For the entries that appear below, write out the exact text and omit the pictures.

[[ Data records open ]]

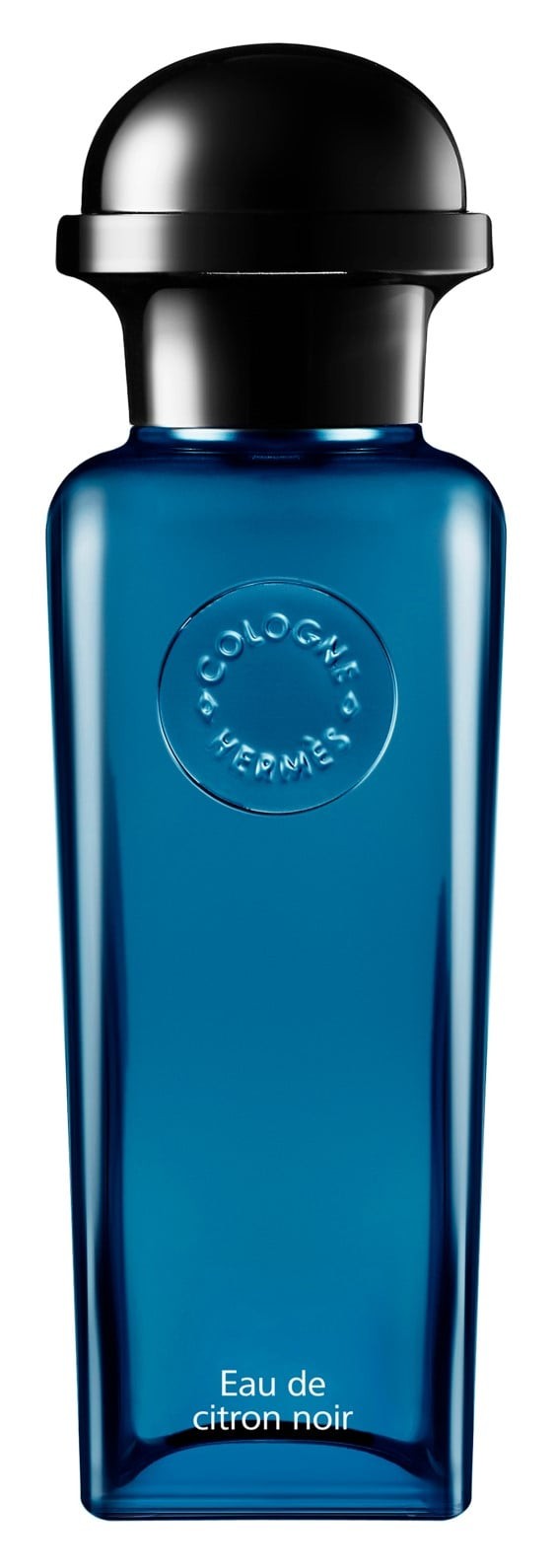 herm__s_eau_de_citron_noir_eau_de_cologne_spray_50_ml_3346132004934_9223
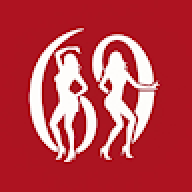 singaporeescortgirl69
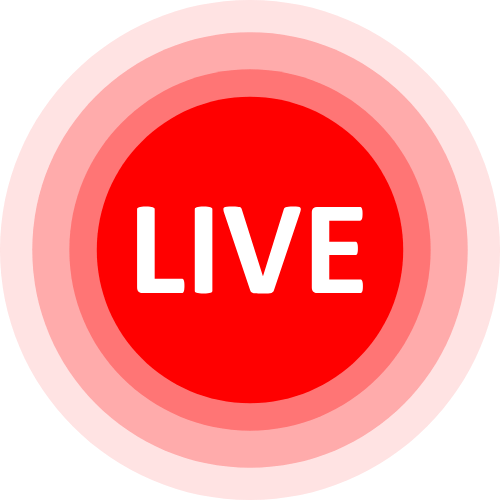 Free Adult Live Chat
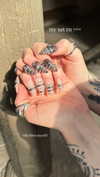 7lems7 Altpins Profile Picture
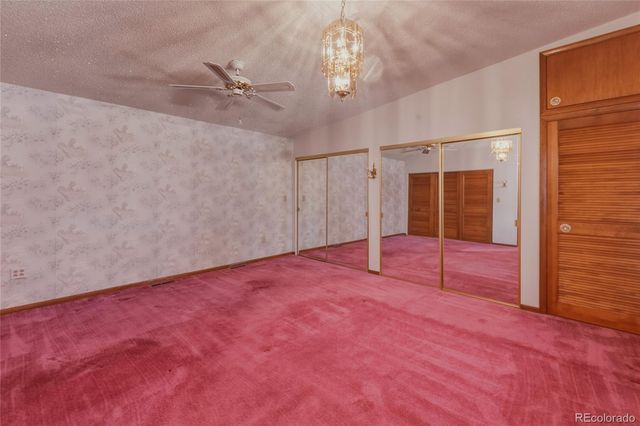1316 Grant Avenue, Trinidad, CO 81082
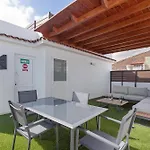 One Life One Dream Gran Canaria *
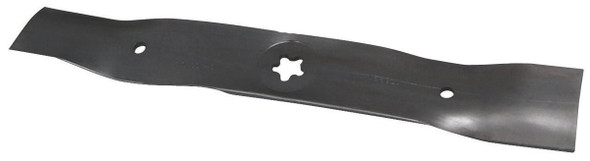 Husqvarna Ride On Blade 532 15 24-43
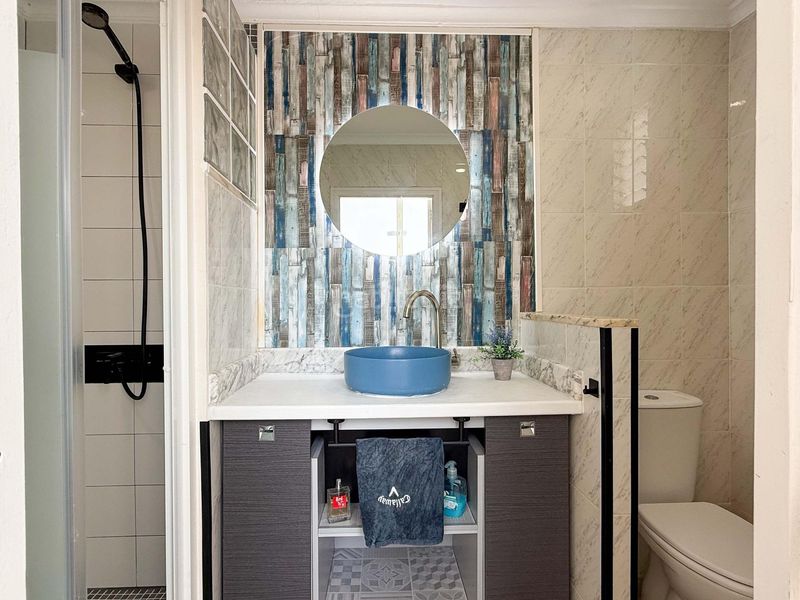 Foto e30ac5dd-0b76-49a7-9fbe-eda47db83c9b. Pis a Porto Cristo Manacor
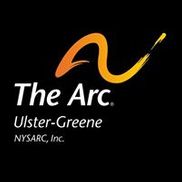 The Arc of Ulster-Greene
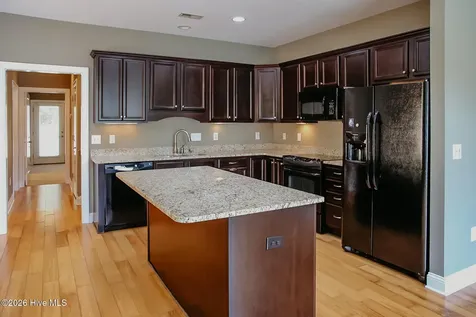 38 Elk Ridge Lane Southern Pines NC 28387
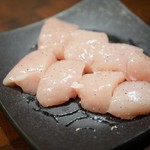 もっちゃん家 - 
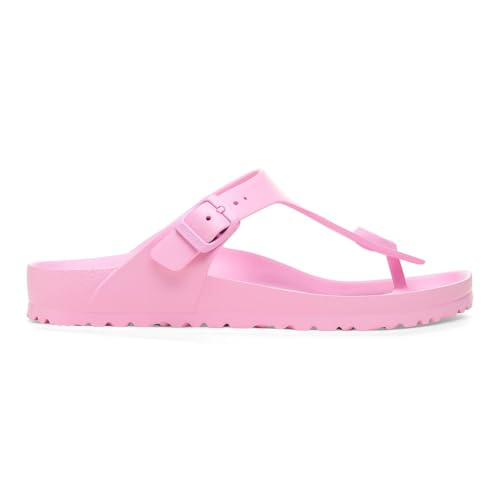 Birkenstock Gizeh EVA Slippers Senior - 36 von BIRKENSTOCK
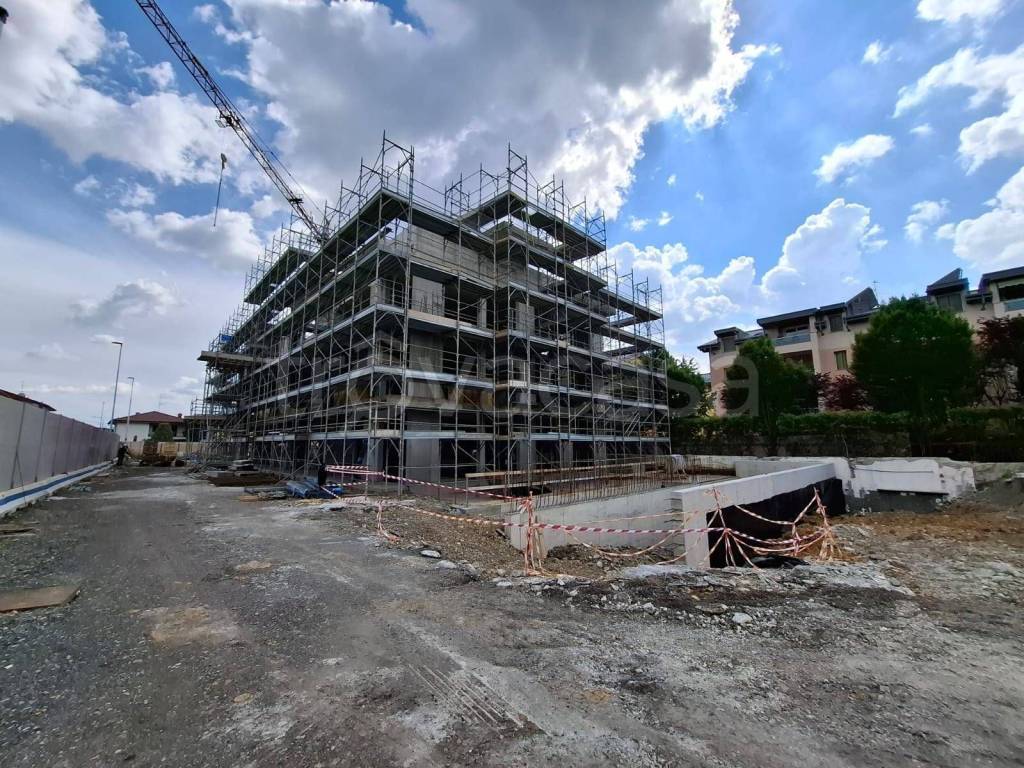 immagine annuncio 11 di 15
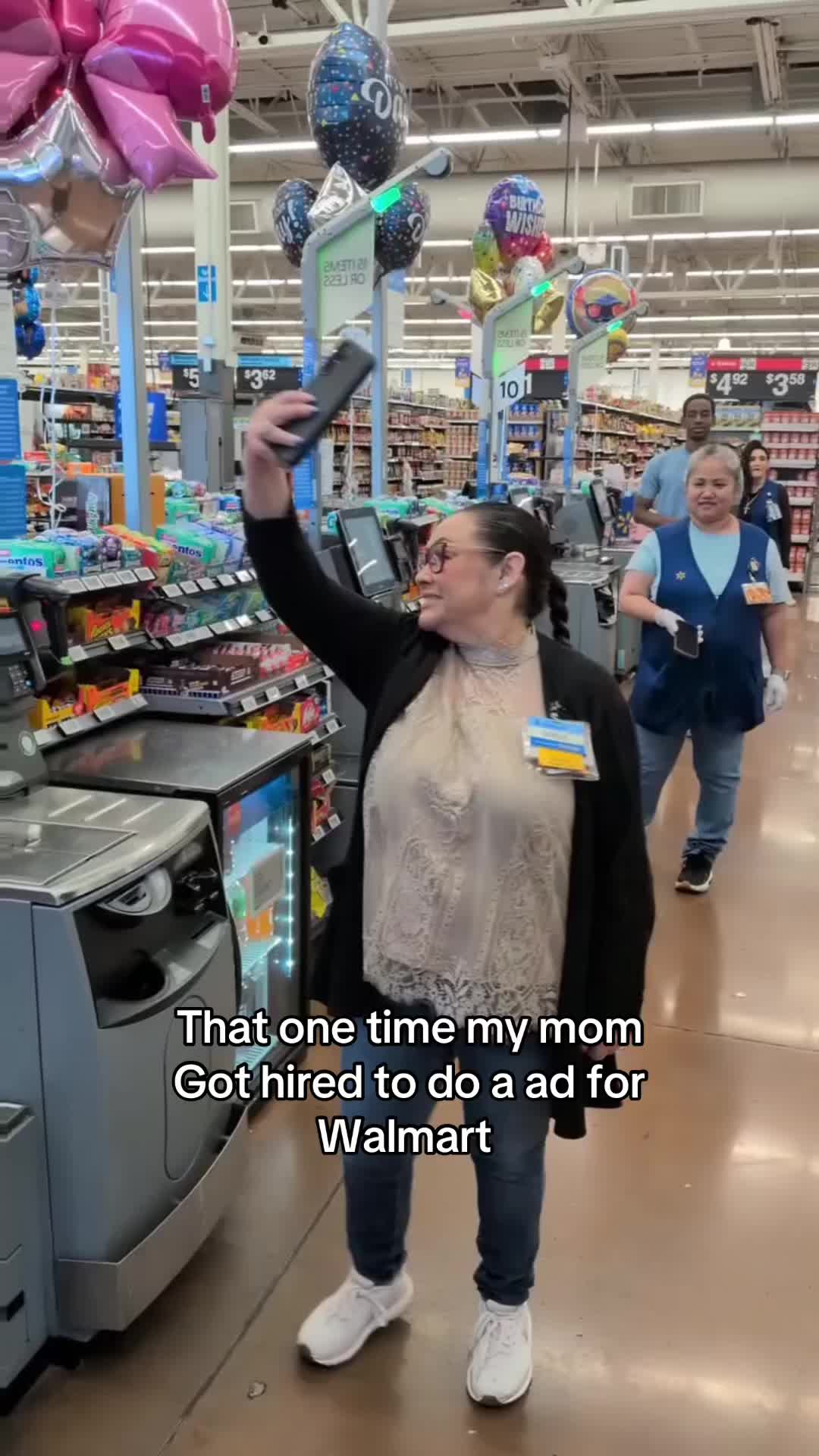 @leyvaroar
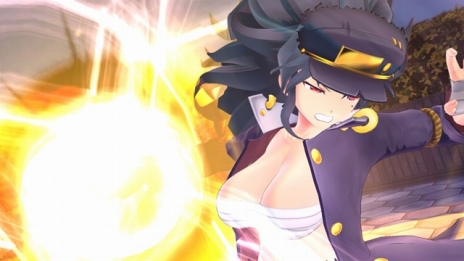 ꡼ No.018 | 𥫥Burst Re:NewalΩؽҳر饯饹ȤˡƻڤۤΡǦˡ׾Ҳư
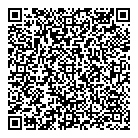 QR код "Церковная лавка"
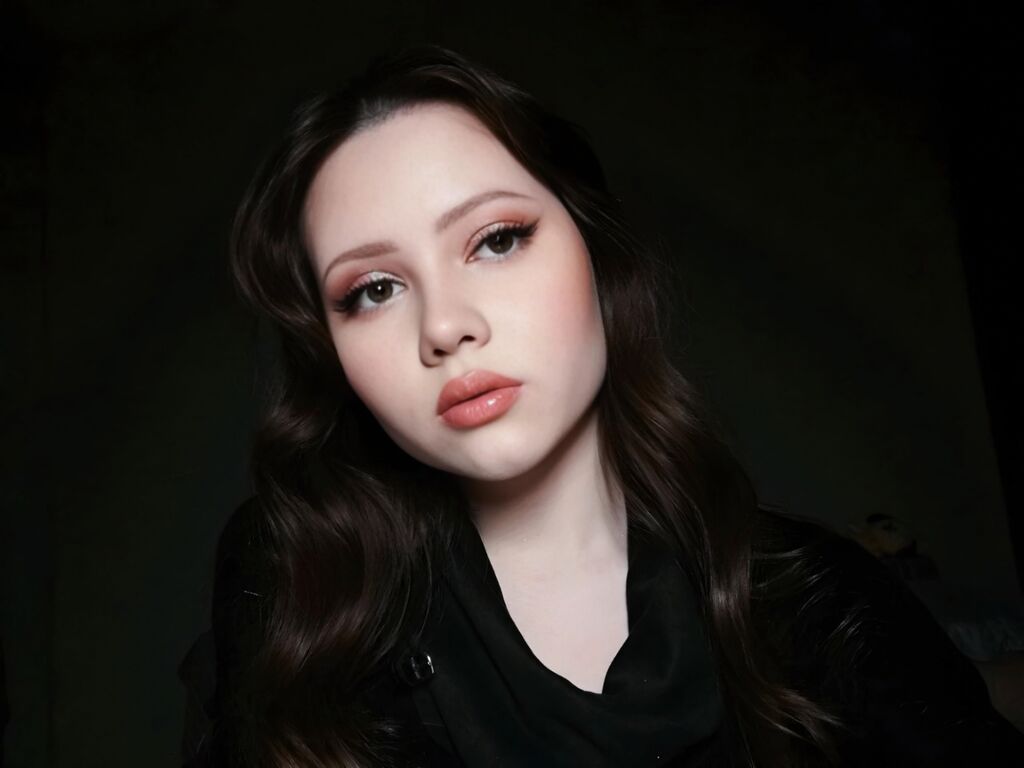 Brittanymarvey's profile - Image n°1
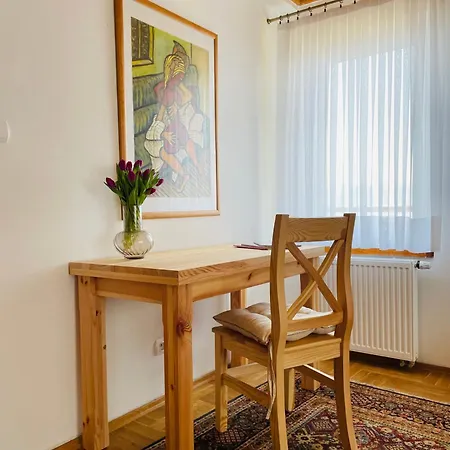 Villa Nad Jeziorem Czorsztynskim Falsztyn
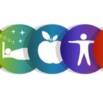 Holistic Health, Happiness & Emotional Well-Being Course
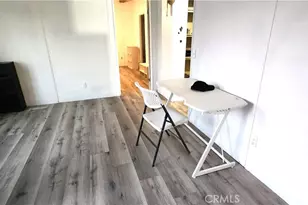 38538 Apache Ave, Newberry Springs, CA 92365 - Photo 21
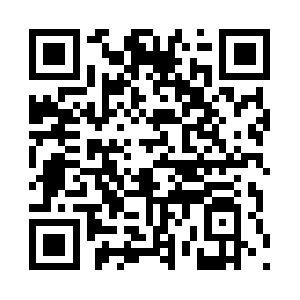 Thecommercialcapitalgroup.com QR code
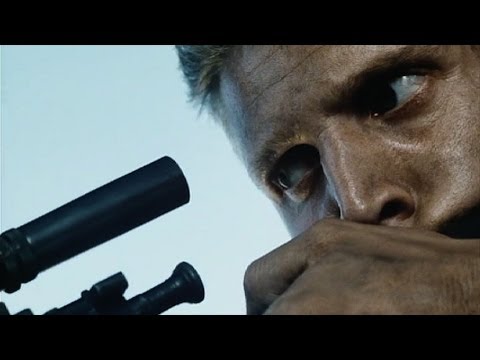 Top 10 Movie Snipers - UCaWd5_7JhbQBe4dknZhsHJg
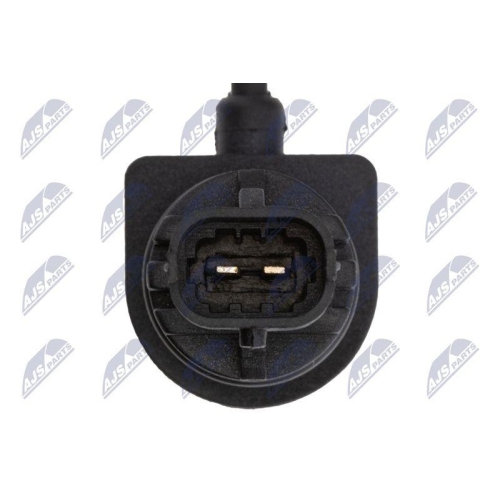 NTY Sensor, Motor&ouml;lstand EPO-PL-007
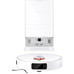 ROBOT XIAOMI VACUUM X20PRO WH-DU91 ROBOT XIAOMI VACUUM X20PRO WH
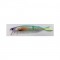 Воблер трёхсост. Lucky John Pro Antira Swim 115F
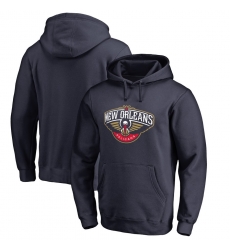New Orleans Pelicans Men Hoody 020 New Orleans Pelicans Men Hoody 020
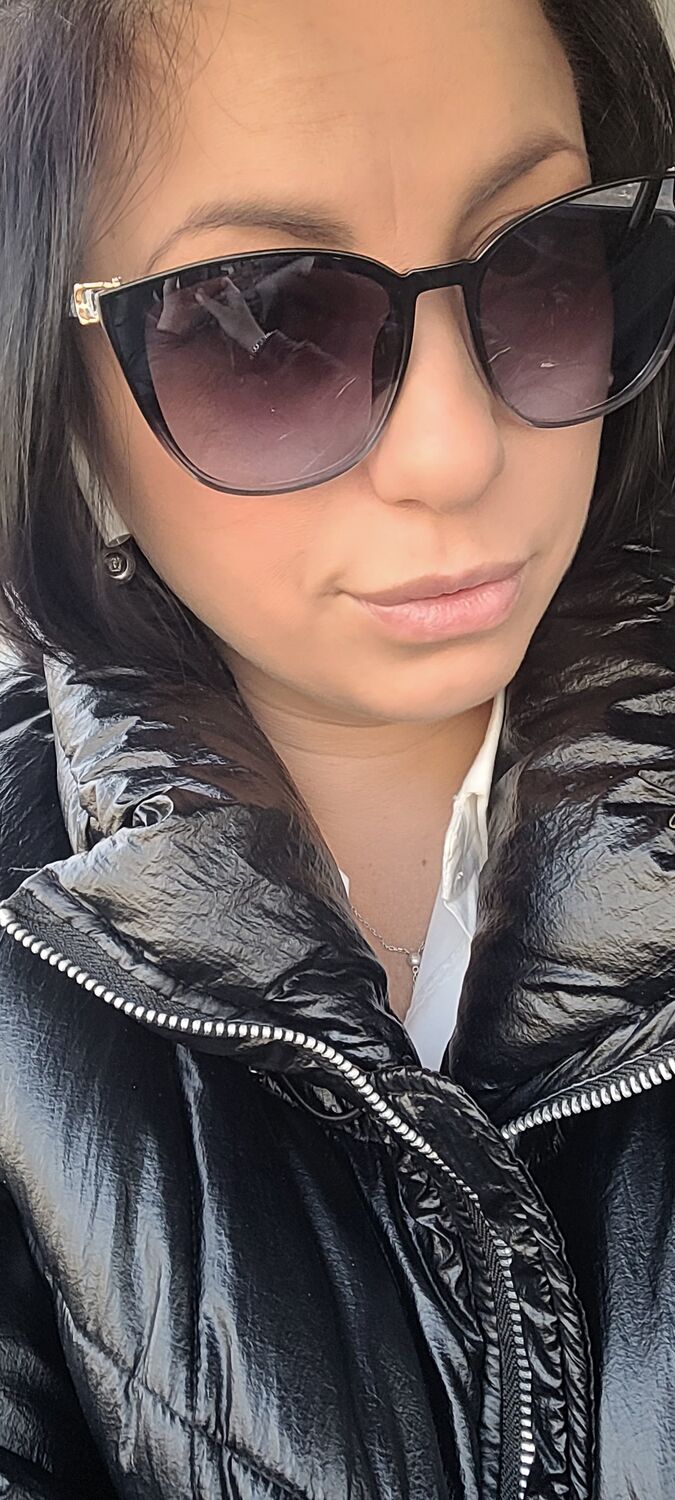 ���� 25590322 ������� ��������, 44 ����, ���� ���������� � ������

[[ Data records closed ]]

_Completed task:_
 herm__s_eau_de_citron_noir_eau_de_cologne_spray_50_ml_3346132004934_9223
 singaporeescortgirl69
 Free Adult Live Chat
 7lems7 Altpins Profile Picture
1316 Grant Avenue, Trinidad, CO 81082
 One Life One Dream Gran Canaria *
 Husqvarna Ride On Blade 532 15 24-43
 Foto e30ac5dd-0b76-49a7-9fbe-eda47db83c9b. Pis a Porto Cristo Manacor
 The Arc of Ulster-Greene
 38 Elk Ridge Lane Southern Pines NC 28387
 もっちゃん家 - 
 Birkenstock Gizeh EVA Slippers Senior - 36 von BIRKENSTOCK
 immagine annuncio 11 di 15
 @leyvaroar
 ꡼ No.018 | 𥫥Burst Re:NewalΩؽҳر饯饹ȤˡƻڤۤΡǦˡ׾Ҳư
 QR код "Церковная лавка"
 Brittanymarvey's profile - Image n°1
 Villa Nad Jeziorem Czorsztynskim Falsztyn
 Holistic Health, Happiness & Emotional Well-Being Course
 38538 Apache Ave, Newberry Springs, CA 92365 - Photo 21
 Thecommercialcapitalgroup.com QR code
 Top 10 Movie Snipers - UCaWd5_7JhbQBe4dknZhsHJg
 NTY Sensor, Motor&ouml;lstand EPO-PL-007
 ROBOT XIAOMI VACUUM X20PRO WH-DU91 ROBOT XIAOMI VACUUM X20PRO WH
 Воблер трёхсост. Lucky John Pro Antira Swim 115F
New Orleans Pelicans Men Hoody 020 New Orleans Pelicans Men Hoody 020
 ���� 25590322 ������� ��������, 44 ����, ���� ���������� � ������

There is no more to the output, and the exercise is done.